Die Ergebnisse der US-Präsidentschaftswahl wurden am Mittwoch, dem 6. November, mit einer kathedraleartigen Stille im Hauptquartier der Nordatlantikvertragsorganisation (NATO) in Brüssel begrüßt. Während der Gewinner, Donald Trump, seinen Wahlkampf mit Drohungen des Austritts aus der NATO, zu der die USA der Hauptbeitragszahler sind, würzte, bereiten sich die 32 Mitglieder des Bündnisses auf die Rückkehr einer Trump-Ära mit einer ängstlichen Abwartehaltung und Pragmatismus vor. „Es ist ein bisschen wie die Ruhe vor dem Sturm“, sagte ein NATO-Diplomat, der die erste Wahl des Republikaners 2016 miterlebt hat.

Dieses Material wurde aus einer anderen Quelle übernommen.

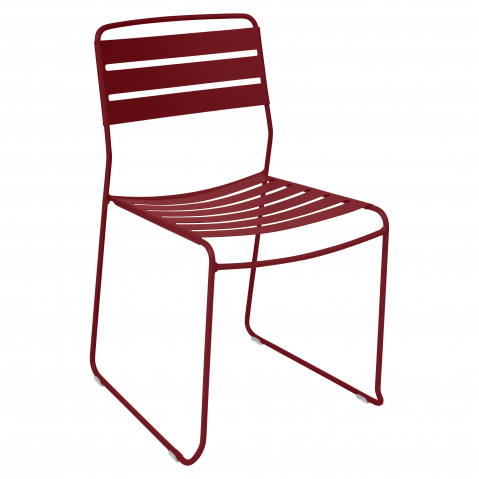 Chaise SURPRISING de Fermob Piment
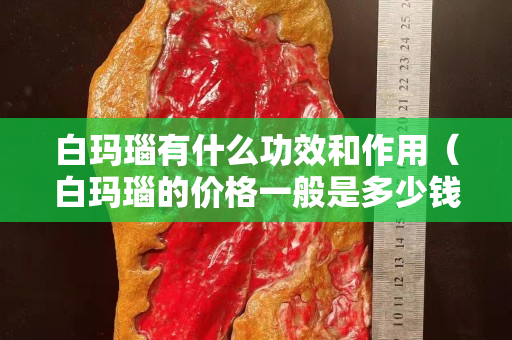 白玛瑙有什么功效和作用（白玛瑙的价格一般是多少钱）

Trumps Wahl war bei der NATO gut vorhersehbar. „Angesichts des Wahlkampfs und der sehr knappen Umfragen war es erwartet worden. Es ist nichts wie 2016, als alle schockiert waren“, sagte ein Diplomat aus einem Land des östlichen Flügels zu Le Monde. Seit dem Sommer und dem Rückzug von Joe Biden aus dem Präsidentschaftsrennen begann die NATO ernsthaft, sich auf die Möglichkeit von Trumps Rückkehr vorzubereiten. Das Ergebnis wird einen großen Teil des wöchentlichen Treffens am Montag, dem 11. November, des neuen Generalsekretärs Mark Rutte mit allen Stellvertretern und dem Vorsitzenden des Militärausschusses der NATO, Admiral Rob Bauer, einnehmen.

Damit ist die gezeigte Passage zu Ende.